Samuelito era muy chico, no llegaba a alcanzar los sesenta centímetros de altura pero siempre hablaba de los asteroides con sus amigos de la escuela y tenía sobresaliente al redactar sus composiciones sobre física y astronomía.
—¿Cómo podremos ver los planetas lejanos de la tierra y los asteroides habitados por ardillas que viven en árboles subterráneos? ¿Cómo podremos saber que las ardillas habitan en los asteroides si nunca nos visitan ni han llamado a nuestras casas?. Pues bien, es que tengo un telescopio con inmensos espejos que me regaló mi tío Naldo— Aseguraba el chiquillo.
Samuelito siempre estaba muy seguro de lo que decía y aseguraba que él era astrónomo y que pronto viajaría hasta un astro desconocido y otros pequeñitos planetas que, según él, se proponía descubrir.
El niño tenía tan solo once añitos y pasaba gran parte de su tiempo observando la vida en las estrellas porque su mayor deseo era irse a vivir algún día, sobre alguna de ellas, dentro de una casa de campaña.
Eso sí, aseguraba que se llevaría con él a todas las ardillas y los ositos que encontraba perdidos en el ancho y extenso bosque que rodeaba su pueblo.

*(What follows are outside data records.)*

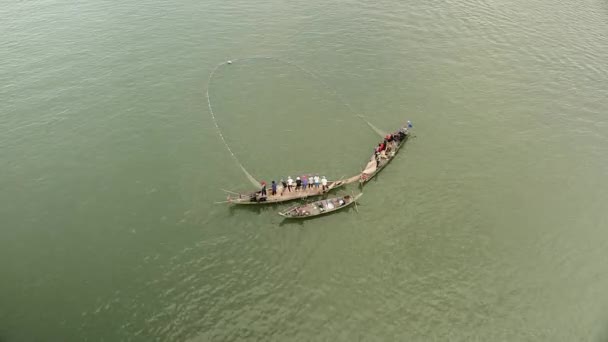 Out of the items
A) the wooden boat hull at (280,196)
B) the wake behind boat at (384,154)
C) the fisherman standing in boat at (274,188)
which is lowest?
the wooden boat hull at (280,196)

Un día, jueves a las cuatro de la tarde, el pequeño astrónomo advirtió un planeta enano de dos colores, verde y azul, y le dio la noticia a sus amigas las marmotas que desde hacía tiempo querían emigrar a un lugar seguro donde no tuvieran el peligro de ser atacadas por las águilas blancas.
El enano planeta siempre estaba cubierto por grandes arbustos que no dejaban nunca de extenderse ni de crecer. Por las noches el astro se volvía morado y en él podía verse un río de aguas lentas y grises que, en las mañanas, se escondía bajo tierra protegiéndose del sol.